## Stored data
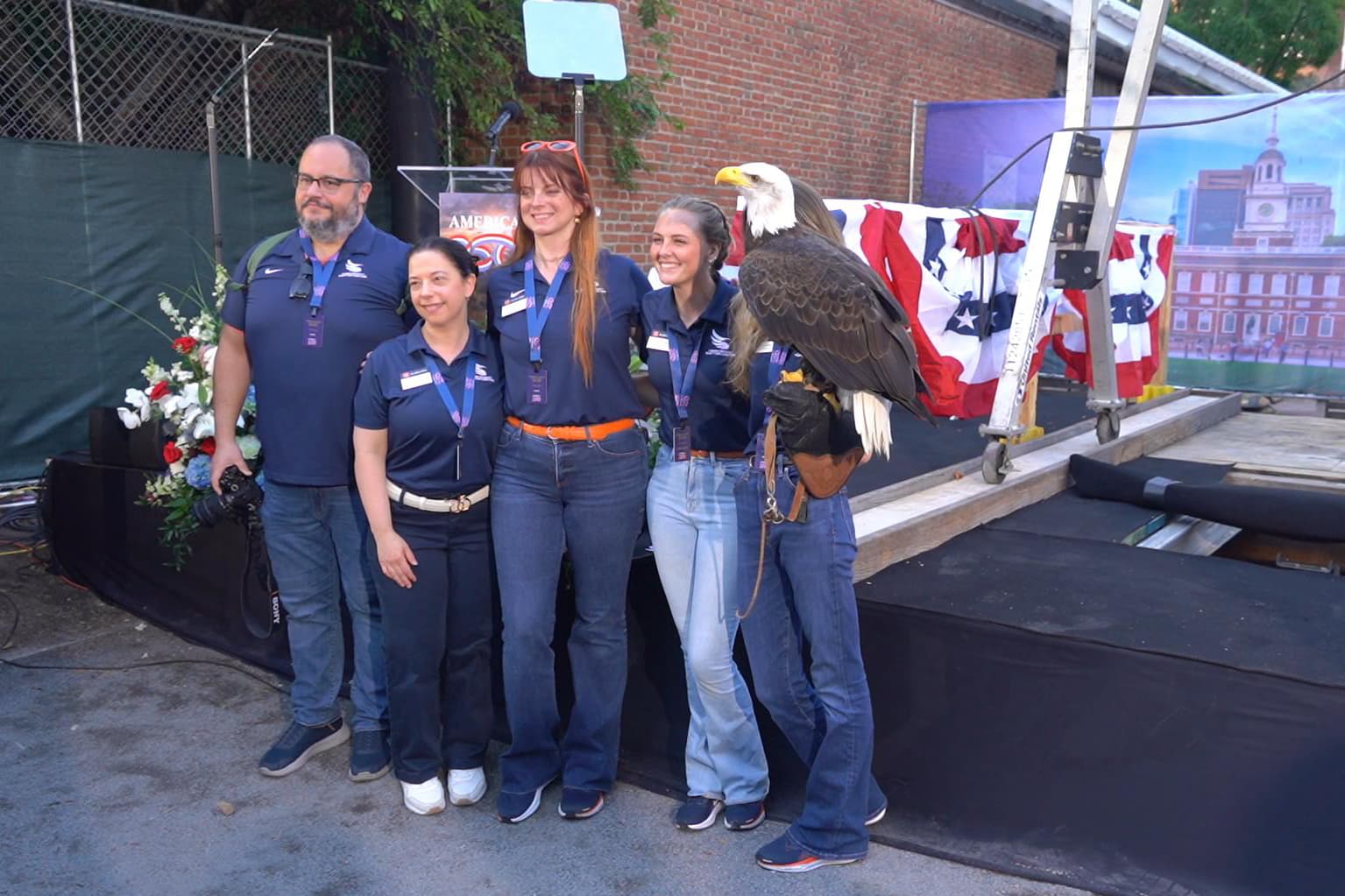 On July 4, 2026, a ceremony marking the United States’ 250th anniversary was held on the lawn at Independence Hall. The photo shows attendees posing with a bald eagle. (William Huang /The Epoch Times)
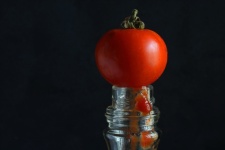 Ripe Red Tomato On Top Of A Bottle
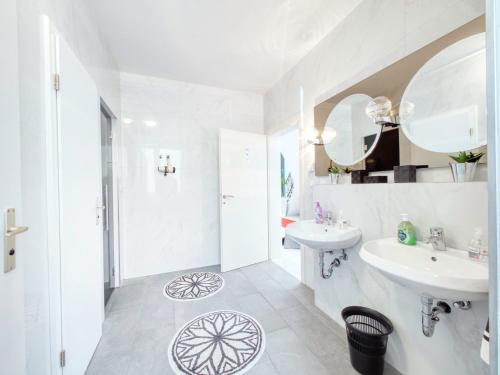 ein weißes Badezimmer mit 2 Waschbecken und einem Spiegel in der Unterkunft Pension Amanda in Berlin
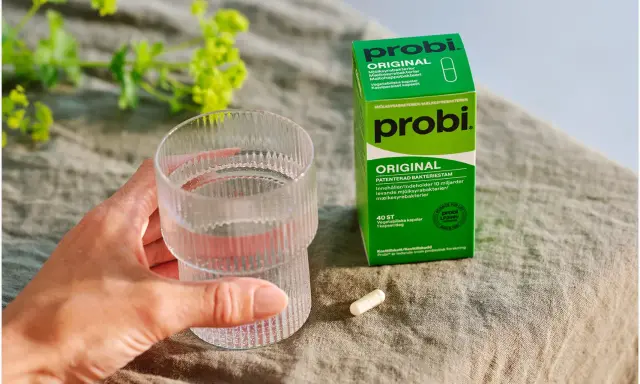 En hand håller ett glas vatten bredvid en ask med Probi Original. Förpackningen förklarar vad innehåller probiotika: levande mjölksyrabakterier.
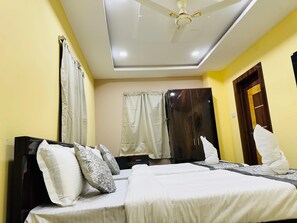 Standard Double or Twin Room, Private Bathroom | Desk, laptop workspace, blackout drapes, iron/ironing board - Hotel Hyderabad Pulse (Hyderabad)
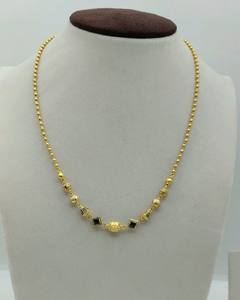 Collar de Oro Amarillo con Cuentas y Ónix Negro, con Estaciones Geométricas y Detalles Texturizados Ornamentados, Joyería Fina Sofisticada para Mujer - Product Image 1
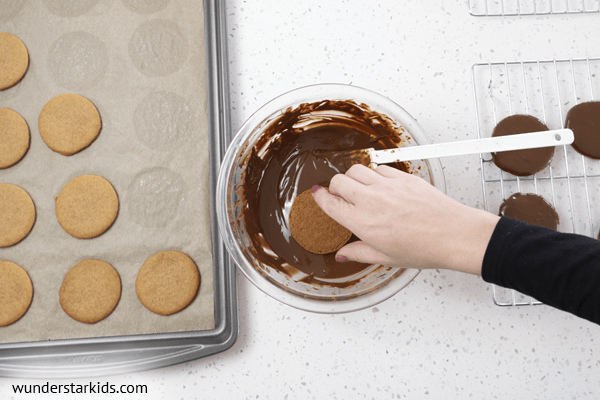Dipping moon pie crust in chocolate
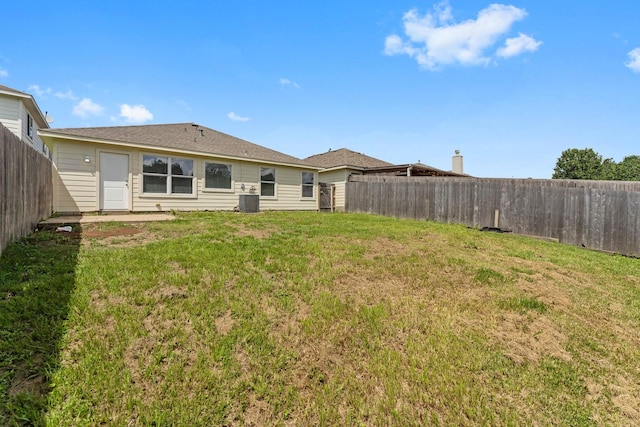 rear view of property with central AC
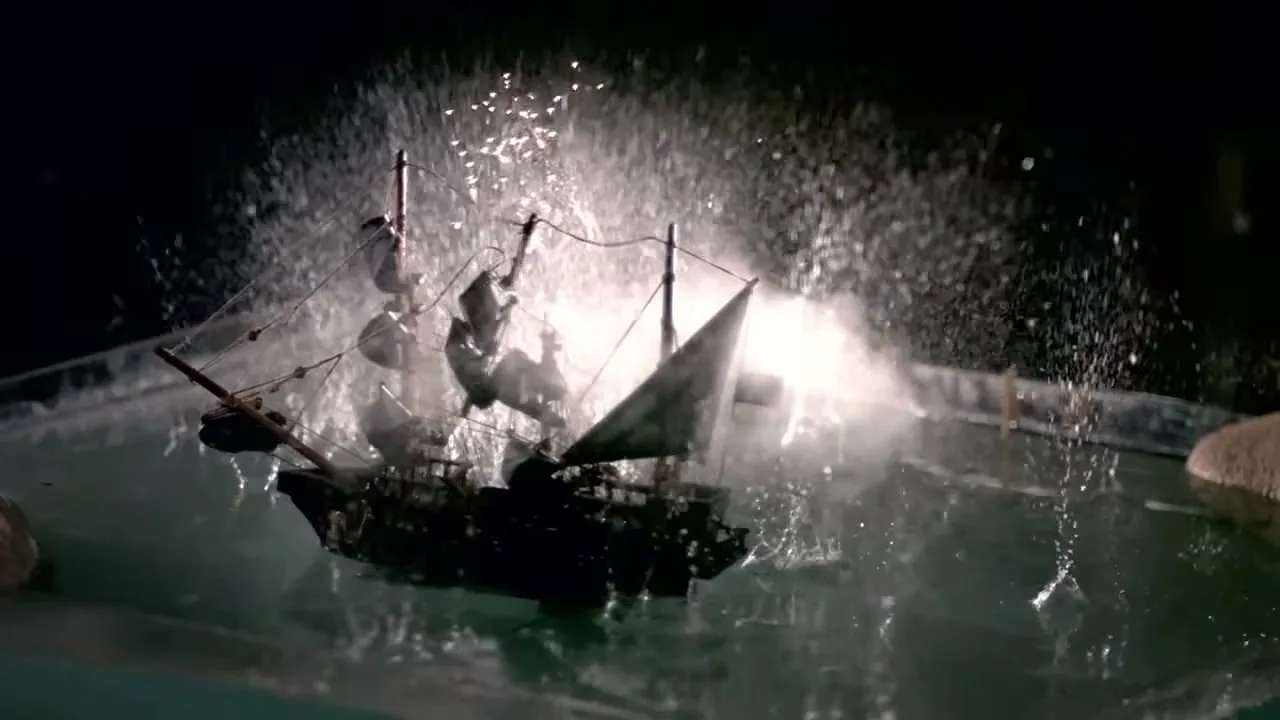 A miniature pirate ship with black sails and a skull and crossbones flag is hit by a sparkler and water splashes around it in a dark setting.
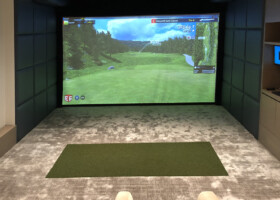 Foresight GCHawk simulator/movie room with golf screen rolled down - New York Foresight GCHawk simulator/movie room with golf screen rolled down - New York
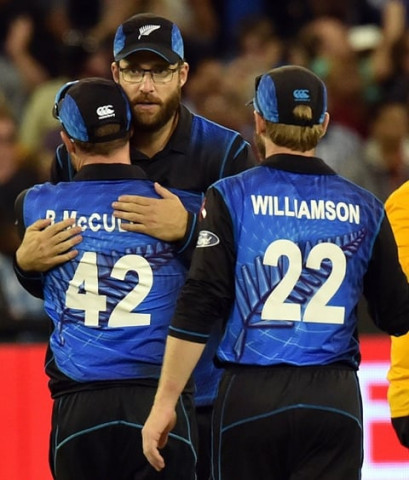 in this file photo new zealand player daniel vettori c gives a hug to team captain brendon mccullum l as kane williamson r looka on after their defeat against australia in the 2015 cricket world cup final in melbourne on march 29 2015 photo afp in this file photo new zealand player daniel vettori c gives a hug to team captain brendon mccullum l as kane williamson r looka on after their defeat against australia in the 2015 cricket world cup final in melbourne on march 29 2015 photo afp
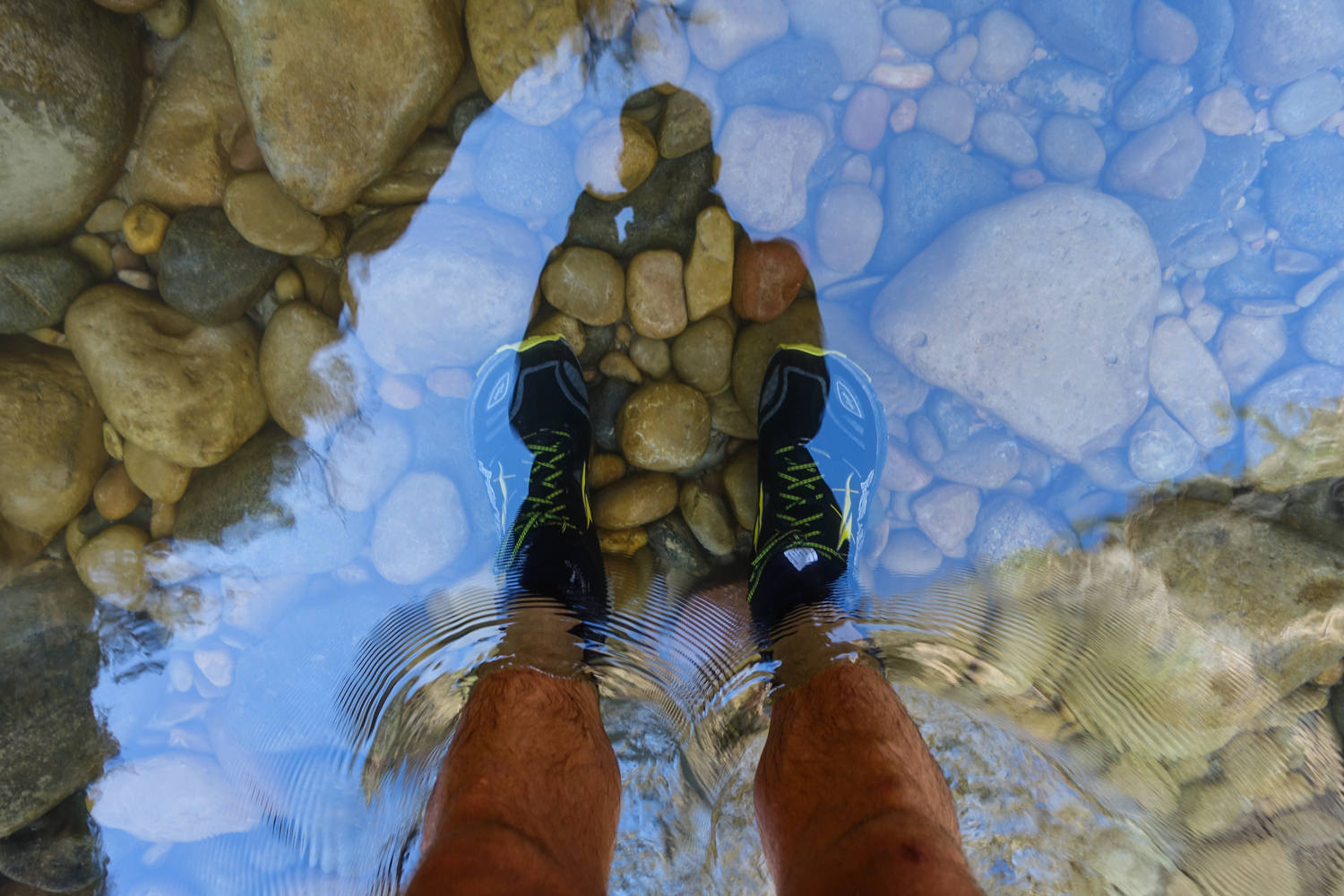 a view of a hikers shoes and socks and feet submerged in the Virgin river on the narrows hike. The water is shallow and clear and you can see the rounded river rock bottom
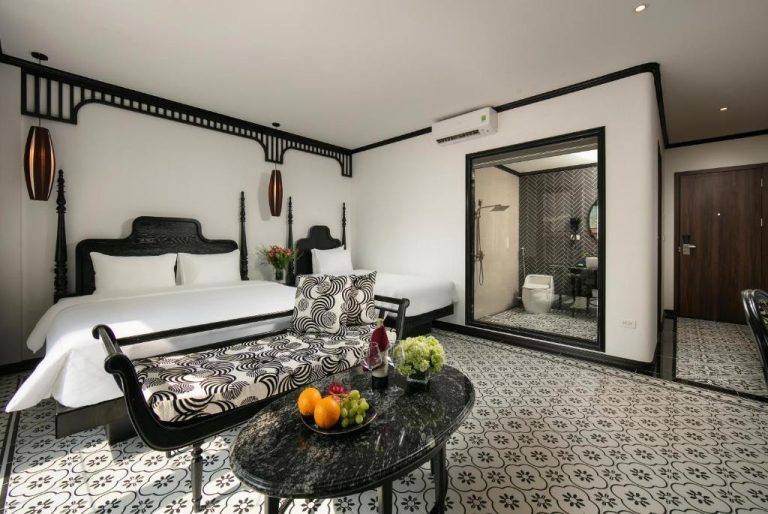 Habitación deluxe en blanco y negro con cama doble y baño abierto en Hanoi Le Chateau Hotel & Spa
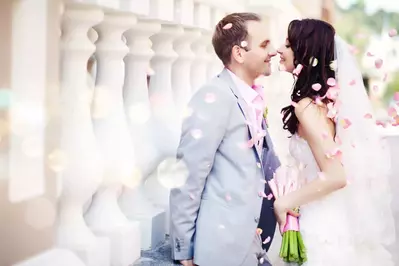 Newly wed couple kissing with pink flower petals blowing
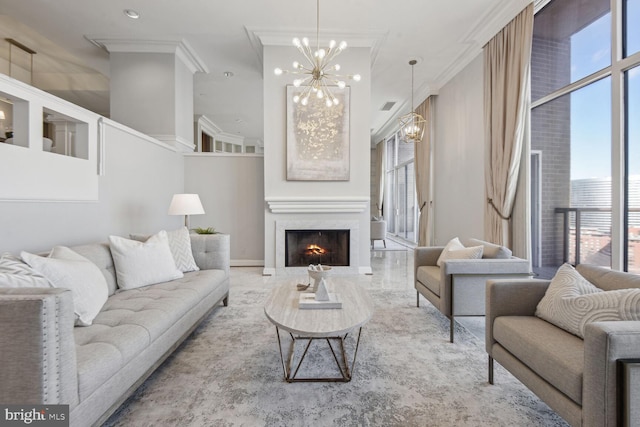 1401 N Oak St Unit 903, 905, Arlington, VA 22209 - living area featuring a chandelier, plenty of natural light, a lit fireplace, and ornamental molding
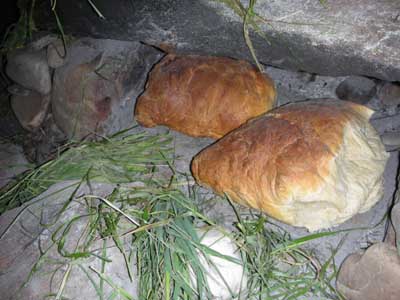 Bread made in primitive stone oven.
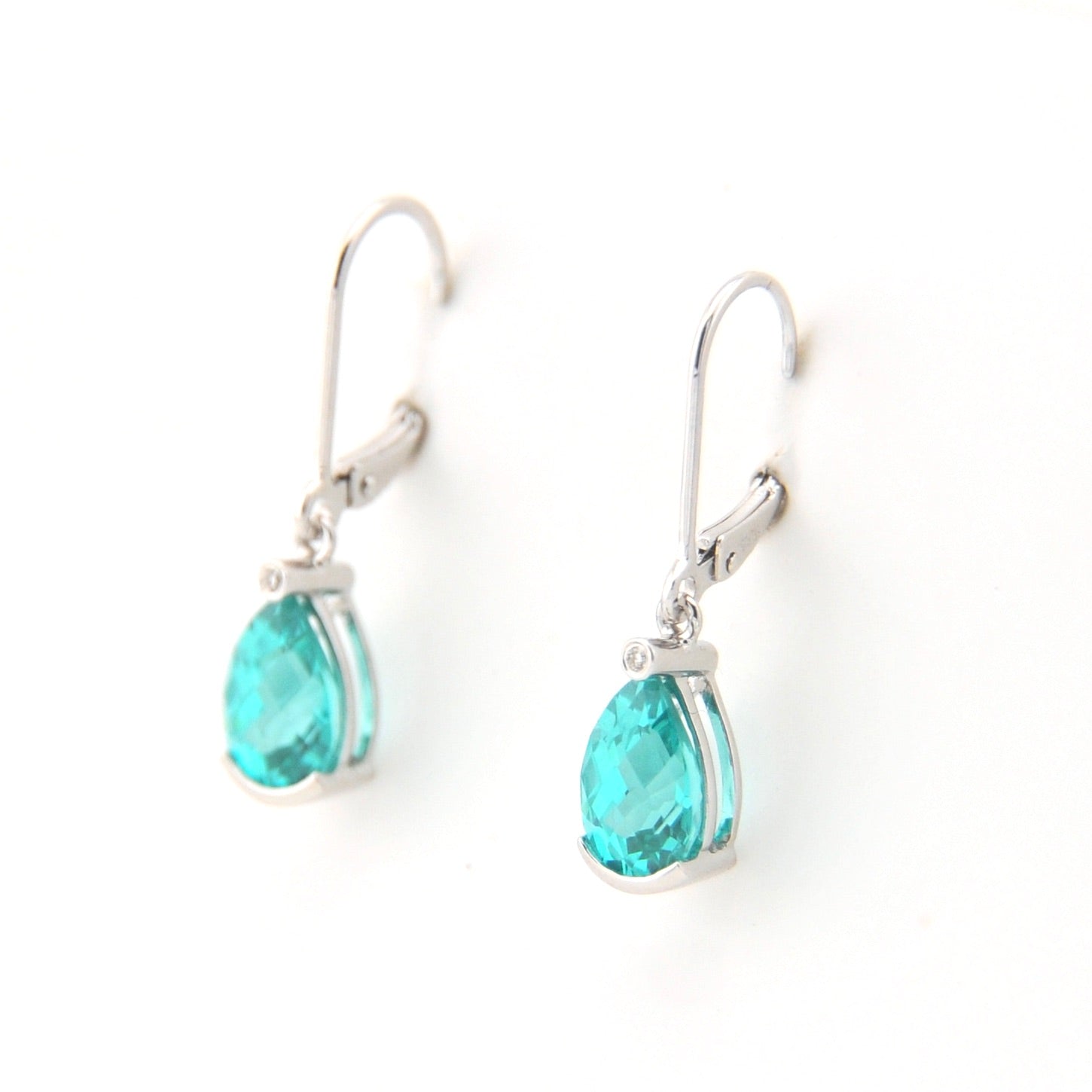 Pair of earrings with teal teardrop stones on a white background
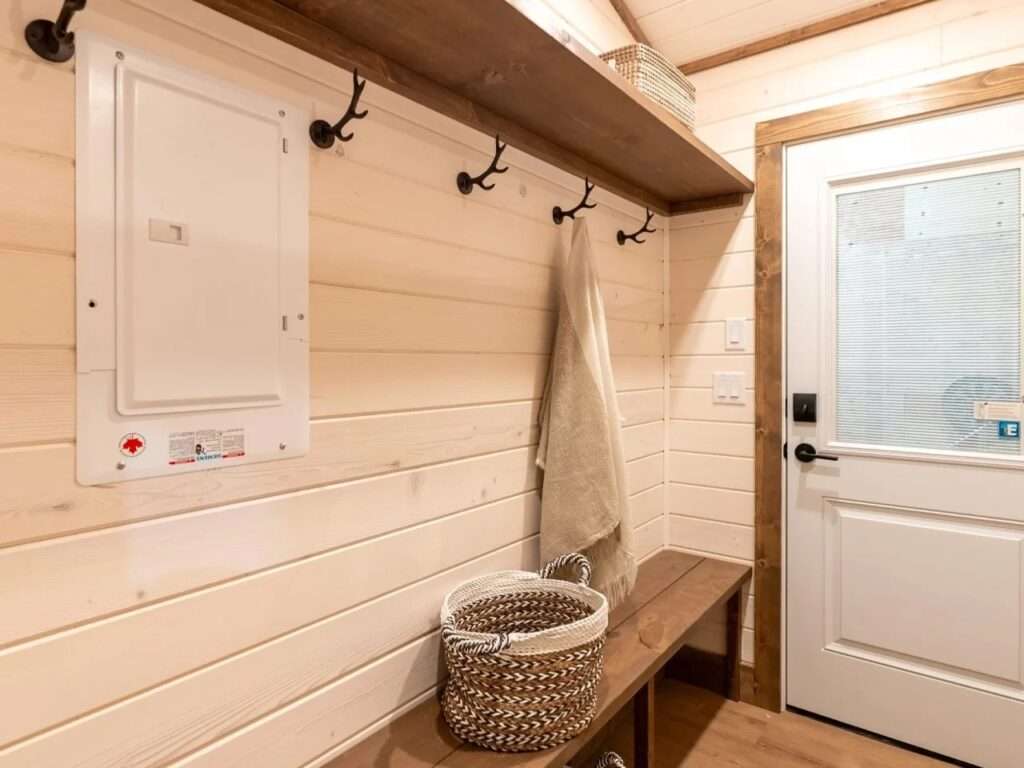 Cozy mudroom in a tiny house featuring a dark wood bench, antler-style coat hooks, an overhead storage shelf, and a white entry door.
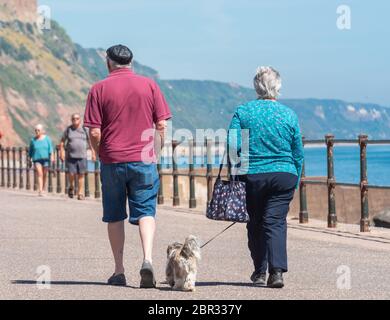 Ein Paar schlendern entlang der Esplanade in Sidmouth und genießen die heiße Sonne vor dem Feiertagswochenende. Quelle: DWR/Alamy Live News Stockfoto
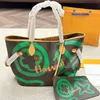 Luxurys Designer Femmes Accessoires Graffiti Sac fourre-tout France Marque L Jamais et monogrammes complets Modèle en cuir Shopping Sacs à main Lady Sacs à bandoulière avec pochette MM Taille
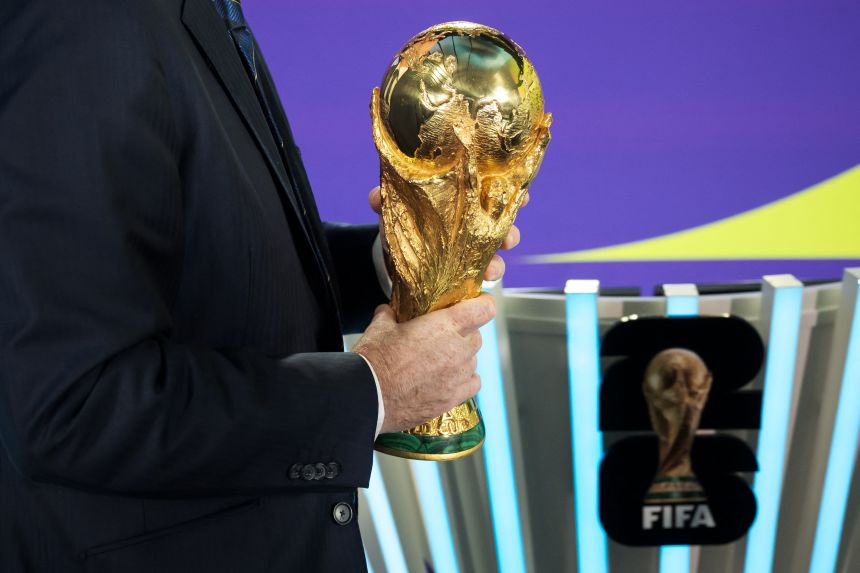 FIFA President Gianni Infantino holds the FIFA World Cup trophy following the 2026 FIFA World Cup European Play-Off draw at the FIFA's Home of Football in Zurich on November 20, 2025.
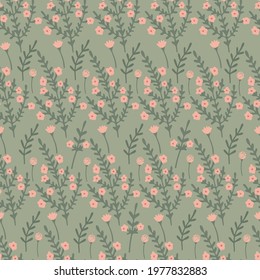 Herbal seamless pattern with wild or meadow flowers on green background. Summer floral print. Great textile for throw pillow, phone cases, bed linens, wallpaper.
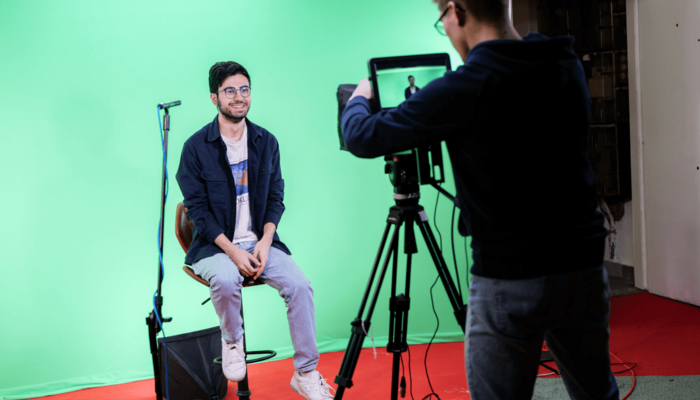 Ein junger Mann wird vor einem von einem Kameramann vor einem Greenscreen gefilmt. Er sitzt auf einem höhenverstellbaren Barhocker und seitlich rechts vor ihm ist ein kleines Richtmikrofon aufgebaut.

## Work instruction
Give again, word for word, only the lines from the line containing "Ein Paar schlendern" through the last line above, both included; leave the pictures out.

## Answer section
 Ein Paar schlendern entlang der Esplanade in Sidmouth und genießen die heiße Sonne vor dem Feiertagswochenende. Quelle: DWR/Alamy Live News Stockfoto
 Luxurys Designer Femmes Accessoires Graffiti Sac fourre-tout France Marque L Jamais et monogrammes complets Modèle en cuir Shopping Sacs à main Lady Sacs à bandoulière avec pochette MM Taille
 FIFA President Gianni Infantino holds the FIFA World Cup trophy following the 2026 FIFA World Cup European Play-Off draw at the FIFA's Home of Football in Zurich on November 20, 2025.
 Herbal seamless pattern with wild or meadow flowers on green background. Summer floral print. Great textile for throw pillow, phone cases, bed linens, wallpaper.
 Ein junger Mann wird vor einem von einem Kameramann vor einem Greenscreen gefilmt. Er sitzt auf einem höhenverstellbaren Barhocker und seitlich rechts vor ihm ist ein kleines Richtmikrofon aufgebaut.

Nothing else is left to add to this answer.